Изменить размер шрифта - +

— Послушай, Роджер, ты ничего этим не добьешься. Департамент и генерал Шорт теперь тем более не отменят своего решения. Уже принят специальный меморандум по этому вопросу. — И так как Френсис смотрел на него с недоверием, он добавил: — Ты их лишь разозлишь!

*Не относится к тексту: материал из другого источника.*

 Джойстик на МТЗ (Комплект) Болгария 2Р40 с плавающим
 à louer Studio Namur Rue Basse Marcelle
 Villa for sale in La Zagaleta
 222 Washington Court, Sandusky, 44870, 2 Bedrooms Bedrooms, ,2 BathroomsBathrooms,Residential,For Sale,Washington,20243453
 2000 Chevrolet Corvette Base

— Я этого не боюсь, — возразил доктор. — Слишком уж часто нарушаются договоренности. Находясь здесь, я во всяком случае, могу наблюдать за происходящим. — Он строго контролировал свою осанку, манеру держаться и говорить, так как понимал, что камера фиксирует каждый его жест; необходимо было произвести самое внушительное впечатление. Несомненно, Шорт примет все меры, чтобы не вспыхнул скандал. Если убедить его, что Френсис не думает торпедировать проект, генерал наверняка оставит его на Станции.

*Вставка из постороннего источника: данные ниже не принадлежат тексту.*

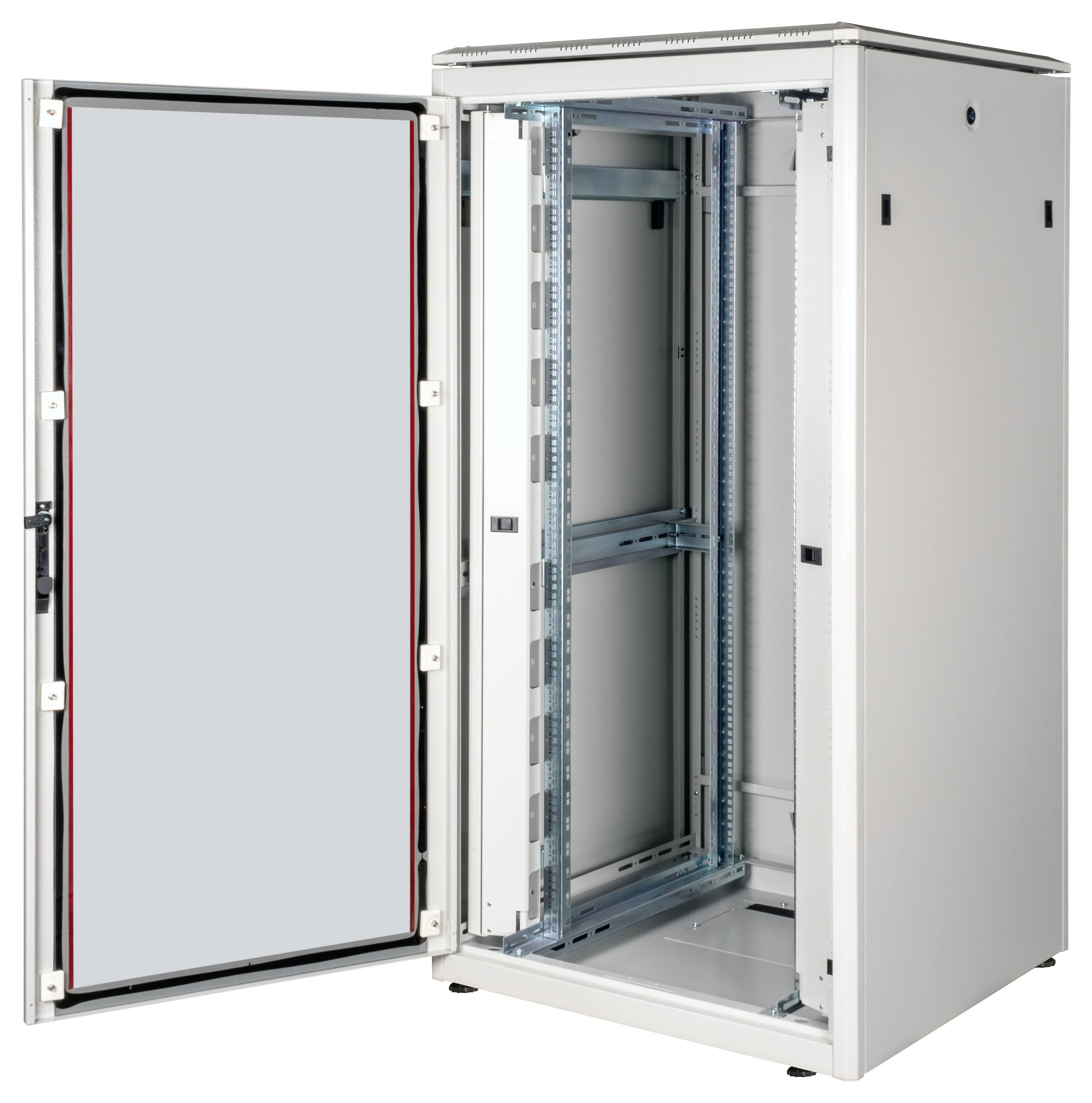 Ein offener Netzwerkschrank mit sichtbaren, leeren Rack-Schienen. Die Tür ist weit geöffnet und zeigt Innenraumdetails.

Сосредоточенный Чалмерс подался вперед вместе с креслом.

— Роджер, продумай все еще раз, не спеши. Ты даже не представляешь, какой взрыв можешь вызвать. Пойми, что извлечь тебя наружу ничего не стоит — эту ржавую банку любой ребенок продырявит тупым консервным ножом.

— А вот этого делать я вам не советую, — спокойно парировал Френсис. — Я перебазируюсь на этаж С, и любая попытка найти меня станет известна всем. Уверяю, что я не собираюсь тормозить работу по отказу от эксперимента. И уж, конечно, не буду заниматься сводничеством малолетних. Но я уверен, что нужен экипажу космолета, причем куда больше, чем восемь часов в сутки.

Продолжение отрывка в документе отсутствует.